Ultimately I suspect that Cochrane's support for PACE will do a huge amount of damage to their reputation.
 

user9876

Senior Member
Messages
4,556
There are 2 worries with these articles the first is the harm patients with ME because GPs tell them to ignore symptoms often leading to a relapse. The second is it encourages GPs to dismiss patients symptoms without doing tests and they end up delaying treatments till it is too late. There is a reason why early cancer diagnosis is poor in the UK. The BMJ and those peddling the myths of psychosomatic illness have a lot to answer for.
 

Mohawk1995

Senior Member
Messages
287
"If you consider symptoms to be unexplained, explore all symptom dimensions (somatic, cognitive, emotional, behavioural, and social) and perform a focused but thorough physical examination".

Puts the BPS criteria at the top of the list to consider.................then what is the 'focused but thorough physical examination"?.........no specific tests, no list of conditions to rule out. And having already 'decided' its BPS why bother looking for any other cause? We've all been there.

Two issues I have with the statement: 1) That exploring all symptom dimensions lists 4 cognitive dimensions and only 1 "non-cognitive" (somatic although there is a lot of word association by the same thinking that puts that into the psycho-somatic category). There are far more symptom dimensions in the non-conscious systems of our body than the conscious ones. Really how many people can consciously and willfully make pain appear in their body! Symptom dimensions including both input and outflow, nociception, tactile, reflexive and yes even the dreaded Central Sensitization are NOT cognitive! And as a general from what I have seen and heard the cognitive is a far weaker influence on symptoms.

The other issue is that many physicians lack the skills to perform a thorough physical examination (I am not saying all do). Their reliance on diagnostic tests, their lack of time to truly perform one and the practice of "legally defensible" medicine especially in the US would likely prevent it even if they are capable. So you get a focus on the wrong symptom dimension (cognitive) and ill prepared or incomplete examination and yet get either a big ZERO or worse yet you tell the patient their condition is not medical and likely never will be.

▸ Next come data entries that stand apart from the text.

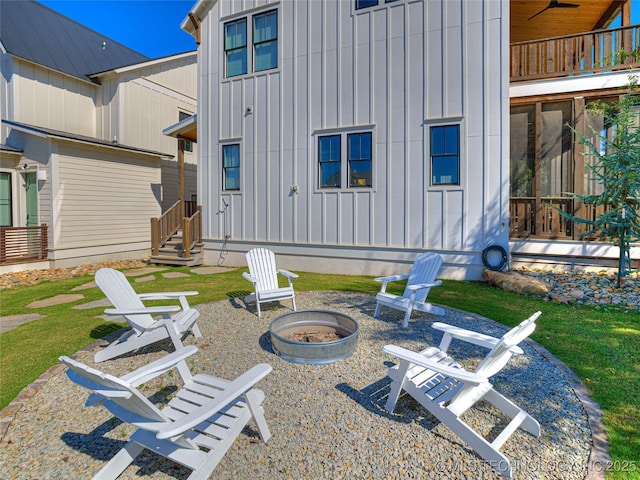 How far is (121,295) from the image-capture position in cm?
453

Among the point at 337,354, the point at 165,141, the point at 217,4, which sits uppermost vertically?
the point at 217,4

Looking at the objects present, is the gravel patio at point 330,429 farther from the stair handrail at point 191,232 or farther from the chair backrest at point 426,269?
the stair handrail at point 191,232

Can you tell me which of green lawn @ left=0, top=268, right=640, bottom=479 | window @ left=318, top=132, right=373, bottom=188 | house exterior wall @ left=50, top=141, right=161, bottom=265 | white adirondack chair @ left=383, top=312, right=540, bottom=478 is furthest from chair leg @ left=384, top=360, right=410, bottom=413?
house exterior wall @ left=50, top=141, right=161, bottom=265

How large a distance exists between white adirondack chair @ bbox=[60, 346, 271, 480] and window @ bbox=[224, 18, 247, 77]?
1043 centimetres

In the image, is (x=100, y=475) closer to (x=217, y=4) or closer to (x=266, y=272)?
(x=266, y=272)

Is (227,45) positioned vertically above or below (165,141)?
above

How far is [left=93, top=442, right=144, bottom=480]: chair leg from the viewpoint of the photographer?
2.25 m

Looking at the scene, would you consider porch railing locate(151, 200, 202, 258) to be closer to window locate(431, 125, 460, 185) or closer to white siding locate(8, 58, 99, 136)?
white siding locate(8, 58, 99, 136)

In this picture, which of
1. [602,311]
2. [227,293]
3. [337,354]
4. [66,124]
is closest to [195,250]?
[227,293]

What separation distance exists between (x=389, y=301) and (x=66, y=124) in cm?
1421

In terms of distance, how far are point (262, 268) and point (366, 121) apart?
17.3 ft

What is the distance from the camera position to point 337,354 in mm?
3959

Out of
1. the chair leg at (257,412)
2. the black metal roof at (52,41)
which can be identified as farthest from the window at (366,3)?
the black metal roof at (52,41)

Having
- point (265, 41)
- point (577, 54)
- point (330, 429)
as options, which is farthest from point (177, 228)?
point (577, 54)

I grew up in my career admiring and following what I considered the British School of Clinical Reasoning in Physical Therapy. Names you may not know like James Cyriax (ENG), Robin McKenzie (NZ) and Geoff Maitland (Australia) who were excellent clinicians with superb examination skills. Fortunately in at least many circles of PT their practices carry on. Doesn't sound like so in most of England's Medical Community.
 

JaimeS

Senior Member
Messages
3,408
Location
Silicon Valley, CA
Mindfulness is pretty much the polar opposite of the psychosomatic CBT aimed at ignoring/denying symptoms, for example.

Good call. Quite literally taking the opposite tack.

Middle aged,hysterical and probably unmarried attention-seeking females bankrupting the healthcare system.

We have to get our male attention from someplace, and it is a well-established fact that many physicians are men, @chipmunk.

It is deeply worrying that the BMJ has published such a poorly researched article.

Unsurprising. Not just in ME research -- the BMJ publishes anything these days, it seems. BMJ publishes a great deal that's still sensible, but their wild speculation: decent science ratio is worryingly low. I wonder how long it takes before their reputation really suffers? I'm going to say a long, long time. People are used to thinking of the BMJ as a well-respected journal.